The collapse of the real estate market and the end of the Chinese growth model
The five year slump in the real estate market shows no signs of recovery. The failure of Vanke, the last major state supported real estate company, confirms that the sector is in systemic crisis, not in a temporary correction. Land sales, the main revenue source of local governments, collapsed from 8,7 trillion yuan in 2021 to only 3 trillion yuan in 2025. More than 10% of available properties do not receive even one offer, a fact that underscores the collapse in demand. When land buying stops, local development financing stops as well. From there begins the largest explosion of fiscal debt in the history of China.
Record debt and unrestrained bond issuance
Local governments are rushing to plug the holes with new borrowing. The issuance of local bonds has already exceeded 10 trillion yuan, breaking every previous historical record. The total outstanding balance of local bonds has reached 54 trillion yuan, while the hidden debts of LGFV are estimated at 87 trillion yuan. In other words, almost half of China’s GDP is concealed in shadow debts outside official Chinese statistics.
The most worrying aspect is that the LGFV are not functional. Only 3% show returns above 4%, while almost 10% are loss making. In 2024, the LGFV received more than 1 trillion yuan in subsidies, an amount more than double their profits. Practically, without liquidity injections from Beijing, the entire mechanism would have collapsed.
Deflation and low interest rates
The People’s Bank of China PBOC is trying to keep the system alive through record low interest rates and massive liquidity. The average yield of LGFV bonds in Beijing has fallen to 2,1%, a level reminiscent of Japan in the era of negative interest rates. But deflation, which at first looks like debt relief, evolves into fiscal poison. Nominal growth is tumbling to 3%, approaching dangerously the borrowing rates and breaking the so called Domar Condition, the fundamental criterion of debt sustainability. When nominal growth does not exceed the cost of borrowing, debt inflates uncontrollably.
If the PBOC does not adopt negative interest rates and aggressive quantitative easing, the debt crisis will worsen rapidly.
Beijing buys time
Facing the danger of systemic collapse, the Xi government continuously approves new support packages. In October, the Ministry of Finance announced a new 500 billion yuan program, while the government gave the green light for a new issuance of 10 trillion yuan in local securities, transferring the LGFV debts to the municipalities. But this tactic is a fiscal patch, it shifts the problem from one side of the balance sheet to the other without restoring sustainability.

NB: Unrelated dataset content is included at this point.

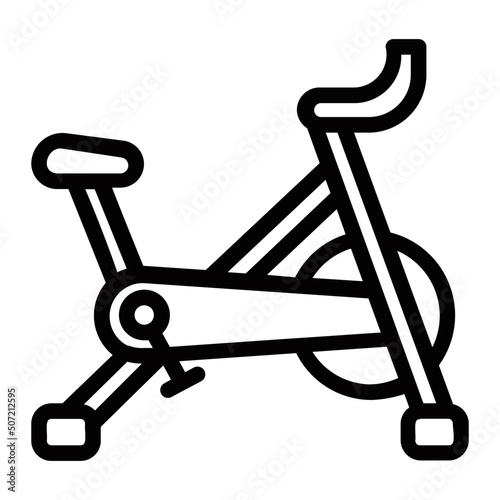 stationary bike line icon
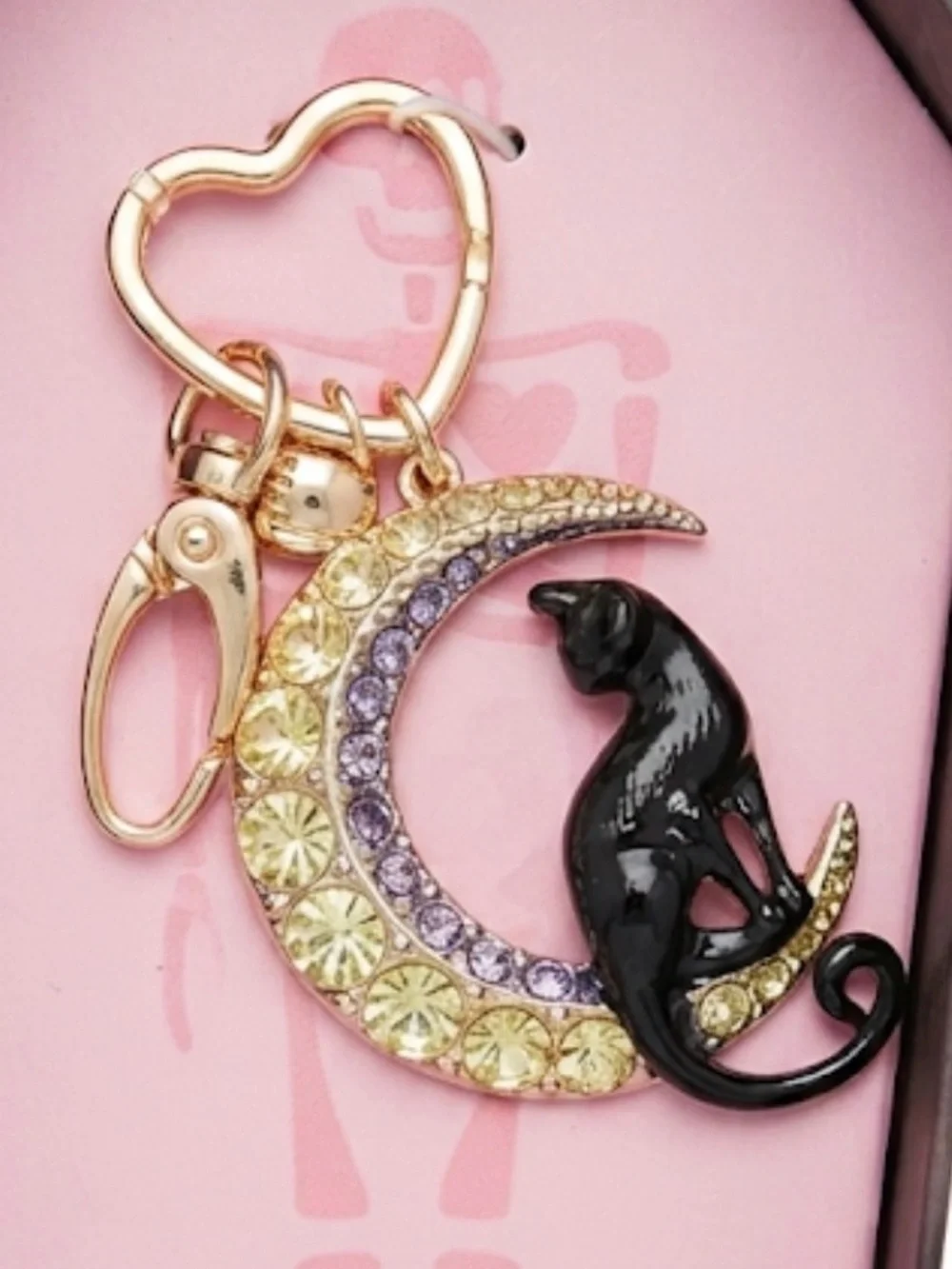 NWT ⚜️🐈‍⬛⚜️ Betsey Johnson Gold Tone Black Cat & Moon Keychain Bag Charm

Capital controls, export of deflation
China maintains three artificial defenses, strict capital controls, a massive trade surplus and state directed credit supply. According to Michael Every of Rabobank, this strategy is not from a position of strength but from absolute necessity. China must continue exporting deflation because its internal economy is incapable of absorbing the scale of the debt.
However, international demand is slowing, foreign exchange reserves are under pressure and the ability of Beijing to control all variables is declining.
What will happen when China can no longer finance itself
The China of 2025 is not the China of 2008. It is no longer the global savior of a new wave of growth but the largest systemic risk to the global economy. With a real estate market that resembles the United States before 2007, a Japanese style fiscal debt trap and deepening deflation, Beijing is walking a thin line, trying to prevent a Lehman 2.0. This time, in contrast with 2008, there will be no China to save the world.